→ Directions: First find the line with "Bonnaroo Babe - BowKini" in the entries below, then set down exactly every line through the line with "3-Piece Black Wicker Steel Frame Bistro Set", that line included.

→ Data extract:
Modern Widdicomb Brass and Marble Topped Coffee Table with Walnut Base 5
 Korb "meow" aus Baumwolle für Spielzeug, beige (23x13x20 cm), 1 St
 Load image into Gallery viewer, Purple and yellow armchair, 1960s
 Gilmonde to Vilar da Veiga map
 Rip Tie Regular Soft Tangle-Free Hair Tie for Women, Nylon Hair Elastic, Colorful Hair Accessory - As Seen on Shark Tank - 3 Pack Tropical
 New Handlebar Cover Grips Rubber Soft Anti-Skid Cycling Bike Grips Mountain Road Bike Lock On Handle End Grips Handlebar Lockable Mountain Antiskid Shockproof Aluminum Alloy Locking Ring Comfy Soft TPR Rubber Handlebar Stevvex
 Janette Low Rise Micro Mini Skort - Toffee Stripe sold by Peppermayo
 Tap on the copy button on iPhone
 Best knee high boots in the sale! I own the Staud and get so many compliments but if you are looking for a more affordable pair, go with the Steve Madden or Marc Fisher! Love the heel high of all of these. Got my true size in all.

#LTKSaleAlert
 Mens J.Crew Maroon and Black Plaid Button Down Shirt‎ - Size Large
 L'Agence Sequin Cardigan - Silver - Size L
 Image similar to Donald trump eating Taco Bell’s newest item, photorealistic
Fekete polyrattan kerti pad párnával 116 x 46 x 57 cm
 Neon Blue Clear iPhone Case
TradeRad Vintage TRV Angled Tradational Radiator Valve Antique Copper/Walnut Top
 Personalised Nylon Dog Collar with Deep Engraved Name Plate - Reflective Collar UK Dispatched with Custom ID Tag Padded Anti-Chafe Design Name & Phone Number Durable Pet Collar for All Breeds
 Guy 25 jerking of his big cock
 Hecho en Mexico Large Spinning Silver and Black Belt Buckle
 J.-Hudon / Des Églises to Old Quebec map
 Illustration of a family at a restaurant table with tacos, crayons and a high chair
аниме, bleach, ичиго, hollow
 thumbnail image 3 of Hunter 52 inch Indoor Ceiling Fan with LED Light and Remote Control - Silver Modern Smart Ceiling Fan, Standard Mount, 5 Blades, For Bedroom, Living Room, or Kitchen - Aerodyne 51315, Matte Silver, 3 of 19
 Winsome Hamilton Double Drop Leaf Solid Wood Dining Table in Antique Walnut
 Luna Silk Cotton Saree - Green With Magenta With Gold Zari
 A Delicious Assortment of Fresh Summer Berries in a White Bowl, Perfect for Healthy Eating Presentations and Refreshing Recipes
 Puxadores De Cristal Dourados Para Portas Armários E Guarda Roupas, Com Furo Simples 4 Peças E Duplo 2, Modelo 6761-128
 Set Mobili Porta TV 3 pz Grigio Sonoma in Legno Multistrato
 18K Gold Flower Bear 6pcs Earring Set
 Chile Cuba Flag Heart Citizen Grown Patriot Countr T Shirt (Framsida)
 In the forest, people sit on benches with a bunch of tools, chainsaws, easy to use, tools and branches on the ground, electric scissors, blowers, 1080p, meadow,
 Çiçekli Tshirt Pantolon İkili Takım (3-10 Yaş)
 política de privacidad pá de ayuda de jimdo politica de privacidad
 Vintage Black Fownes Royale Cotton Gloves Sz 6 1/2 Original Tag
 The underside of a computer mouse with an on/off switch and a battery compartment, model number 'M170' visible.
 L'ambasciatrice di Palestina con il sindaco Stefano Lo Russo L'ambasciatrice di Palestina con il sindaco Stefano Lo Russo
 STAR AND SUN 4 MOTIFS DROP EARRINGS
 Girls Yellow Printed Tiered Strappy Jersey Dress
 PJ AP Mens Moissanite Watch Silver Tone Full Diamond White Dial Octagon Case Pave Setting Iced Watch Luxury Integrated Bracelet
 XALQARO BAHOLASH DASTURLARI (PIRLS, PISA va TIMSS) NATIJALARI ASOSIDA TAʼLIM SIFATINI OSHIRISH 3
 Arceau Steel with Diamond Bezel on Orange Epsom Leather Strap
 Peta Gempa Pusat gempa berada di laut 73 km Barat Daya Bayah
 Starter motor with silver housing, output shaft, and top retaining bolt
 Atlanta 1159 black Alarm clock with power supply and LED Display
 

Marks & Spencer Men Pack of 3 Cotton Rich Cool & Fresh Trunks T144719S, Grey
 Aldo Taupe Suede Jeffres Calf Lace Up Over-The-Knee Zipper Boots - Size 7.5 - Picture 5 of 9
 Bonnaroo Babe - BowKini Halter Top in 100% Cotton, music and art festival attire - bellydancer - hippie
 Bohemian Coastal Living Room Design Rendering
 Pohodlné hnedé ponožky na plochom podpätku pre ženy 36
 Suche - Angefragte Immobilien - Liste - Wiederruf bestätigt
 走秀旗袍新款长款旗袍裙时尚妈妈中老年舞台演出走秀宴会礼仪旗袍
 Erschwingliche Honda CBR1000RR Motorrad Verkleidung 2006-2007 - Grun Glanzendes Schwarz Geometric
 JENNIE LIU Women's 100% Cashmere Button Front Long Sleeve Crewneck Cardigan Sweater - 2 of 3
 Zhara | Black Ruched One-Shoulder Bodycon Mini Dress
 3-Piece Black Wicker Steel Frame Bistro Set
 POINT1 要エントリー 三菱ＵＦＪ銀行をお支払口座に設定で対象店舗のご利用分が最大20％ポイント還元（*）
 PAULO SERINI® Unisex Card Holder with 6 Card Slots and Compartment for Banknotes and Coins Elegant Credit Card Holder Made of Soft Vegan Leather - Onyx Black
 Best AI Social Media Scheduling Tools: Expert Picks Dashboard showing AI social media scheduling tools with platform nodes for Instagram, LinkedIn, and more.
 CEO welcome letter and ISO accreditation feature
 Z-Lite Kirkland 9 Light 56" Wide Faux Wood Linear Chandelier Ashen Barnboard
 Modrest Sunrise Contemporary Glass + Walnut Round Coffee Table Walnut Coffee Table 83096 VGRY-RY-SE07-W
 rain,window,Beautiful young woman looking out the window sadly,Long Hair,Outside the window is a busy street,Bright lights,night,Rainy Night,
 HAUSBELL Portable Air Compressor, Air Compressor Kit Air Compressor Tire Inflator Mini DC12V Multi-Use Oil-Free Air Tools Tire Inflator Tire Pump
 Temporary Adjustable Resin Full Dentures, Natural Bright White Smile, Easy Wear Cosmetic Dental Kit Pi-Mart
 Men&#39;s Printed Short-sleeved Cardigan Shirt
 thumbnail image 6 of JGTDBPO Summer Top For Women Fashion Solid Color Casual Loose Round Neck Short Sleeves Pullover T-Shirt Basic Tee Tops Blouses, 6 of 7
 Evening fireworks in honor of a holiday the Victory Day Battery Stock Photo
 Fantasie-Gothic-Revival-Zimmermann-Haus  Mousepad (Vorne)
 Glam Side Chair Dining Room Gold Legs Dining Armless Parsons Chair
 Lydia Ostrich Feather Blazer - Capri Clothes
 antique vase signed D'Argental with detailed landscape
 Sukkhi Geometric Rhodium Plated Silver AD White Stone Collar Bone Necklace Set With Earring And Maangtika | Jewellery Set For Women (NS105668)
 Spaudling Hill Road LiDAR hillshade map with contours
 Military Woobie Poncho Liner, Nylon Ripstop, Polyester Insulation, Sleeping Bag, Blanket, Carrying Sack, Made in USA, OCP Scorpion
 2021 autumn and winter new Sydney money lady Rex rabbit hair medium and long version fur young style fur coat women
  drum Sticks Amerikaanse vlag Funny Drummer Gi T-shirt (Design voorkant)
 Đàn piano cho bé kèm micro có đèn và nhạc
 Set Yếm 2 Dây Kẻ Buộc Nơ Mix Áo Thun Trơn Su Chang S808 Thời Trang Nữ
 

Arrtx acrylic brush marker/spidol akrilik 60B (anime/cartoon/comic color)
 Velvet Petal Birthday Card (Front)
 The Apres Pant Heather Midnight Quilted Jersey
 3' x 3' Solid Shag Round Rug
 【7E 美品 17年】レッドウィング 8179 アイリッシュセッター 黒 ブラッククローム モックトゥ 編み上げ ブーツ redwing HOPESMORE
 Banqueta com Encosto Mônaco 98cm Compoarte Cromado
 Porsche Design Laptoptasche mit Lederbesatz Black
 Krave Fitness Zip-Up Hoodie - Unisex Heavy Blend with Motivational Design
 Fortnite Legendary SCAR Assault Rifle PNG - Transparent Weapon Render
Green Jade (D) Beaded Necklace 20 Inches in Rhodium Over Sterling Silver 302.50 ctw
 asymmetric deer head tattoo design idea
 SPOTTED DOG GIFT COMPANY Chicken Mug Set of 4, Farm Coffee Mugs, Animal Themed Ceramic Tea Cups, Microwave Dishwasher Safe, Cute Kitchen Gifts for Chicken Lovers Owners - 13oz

→ Response to this exercise:
 Bonnaroo Babe - BowKini Halter Top in 100% Cotton, music and art festival attire - bellydancer - hippie
 Bohemian Coastal Living Room Design Rendering
 Pohodlné hnedé ponožky na plochom podpätku pre ženy 36
 Suche - Angefragte Immobilien - Liste - Wiederruf bestätigt
 走秀旗袍新款长款旗袍裙时尚妈妈中老年舞台演出走秀宴会礼仪旗袍
 Erschwingliche Honda CBR1000RR Motorrad Verkleidung 2006-2007 - Grun Glanzendes Schwarz Geometric
 JENNIE LIU Women's 100% Cashmere Button Front Long Sleeve Crewneck Cardigan Sweater - 2 of 3
 Zhara | Black Ruched One-Shoulder Bodycon Mini Dress
 3-Piece Black Wicker Steel Frame Bistro Set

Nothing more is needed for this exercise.